Korean Restaurant Workers Say They Were Forced to "Volunteer" as Farm Workers | Hillman Foundation

Clear It With Sidney

The best of the week’s news by Lindsay Beyerstein

Korean Restaurant Workers Say They Were Forced to "Volunteer" as Farm Workers

Kum Gang San, a popular Korean restaurant in New York City, is accused of blackmailing employees into unpaid labor with threats of deportation, Sukjong Hong reports for Gothamist:

Servers and bussers at a popular Korean restaurant say they were forced to work 18-hour shifts without overtime, attend church before work on Sundays, and “volunteer” their time picking vegetables at a farm outside the city.

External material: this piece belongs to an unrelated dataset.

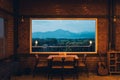 In a coffee shop, a table and a large window view the mountains Royalty Free Stock Photo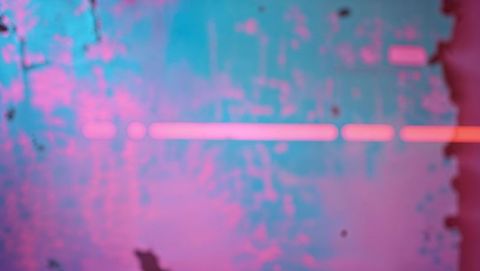 Glowing neon light on grungy wall with pink and blue hues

According to a federal lawsuit they filed against the management of the restaurant, any refusal to heed the owner’s extraordinary demands resulted in humiliation, termination, and threats of blacklisting and deportation.

Former employees report that if they declined the “invitation” spend their days off as unpaid farmworkers gathering kimchi ingredients, they were expected to drop to their knees and beg their boss’s forgiveness. 

In addition to being forced to attend 90-minute unpaid church services before work on Sundays, former employees say they were expected to take turns paying $150 out-of-pocket for catering after the sermon! 

The former employees aired their grievances in federal court during a civil trial that concluded on Monday.